Dr. Russ' Blog

Anxiety, CBT, and more!

What’s the worst that could happen?

Published by Leave your thoughts

 

One of the most common misconceptions needing clarification in CBT is the belief that challenging one’s thoughts –we call it “Thought Inspection” at Learn To Live—is the same as “Positive Thinking.” The two are very different.

 

Every day I work with people who have no interest in pretending that the world is perfect, that everything is great.

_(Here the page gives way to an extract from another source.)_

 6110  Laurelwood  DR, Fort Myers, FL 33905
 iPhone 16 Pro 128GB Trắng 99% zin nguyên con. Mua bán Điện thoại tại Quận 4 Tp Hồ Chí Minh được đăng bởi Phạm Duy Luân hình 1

They tell me about past tragedies or fear of adversity. Many of them have already experienced great pain. They say that positive thinking offers them nothing, that pretending it’s going to be great is not helpful. I agree with them. We don’t subscribe to positive thinking at Learn to Live.

 

Thought Inspection is realistic thinking, not positive thinking. Bad things might happen, some already have. If a person is anxious, the first step is to consider whether our worries are likely to come true. With Social Anxiety Disorder, the thoughts are often about being watched and judged by others, predictions that are often far less likely to come true than we fear. Thought Inspection is not about inventing some new reality but rather about identifying and accepting reality as it exists. People are often too busy to pay attention to our mistakes and imperfections, or they don’t notice them if they do look. When that realization sinks in, people often feel relieved.

 

Still, I often see the gnawing sense that something more is needed. So we look at another question—if the bad thing did somehow happen, how could I then cope? How could I talk myself through it? These are not easy discussions, but they are often part of Thought Inspection. We don’t like imagining the bad things long enough to consider how we might deal with them. But I have seen brave people do it time and time again and soberly consider how they would cope if they were judged or criticized or fired. We don’t need to be anxious or live in such great fear if we see that we could find a way through even if the bad thing happened.

 

I find it helps to share stories of those who make it through real adversity and suffering. We find inspiration in those who struggle through successfully. Here’s how one young woman coped with profound emotional pain and humiliation. Very inspiring.

 

CBT is an approach that helps people cope with and work through the worst of their fears, whether they happen or not.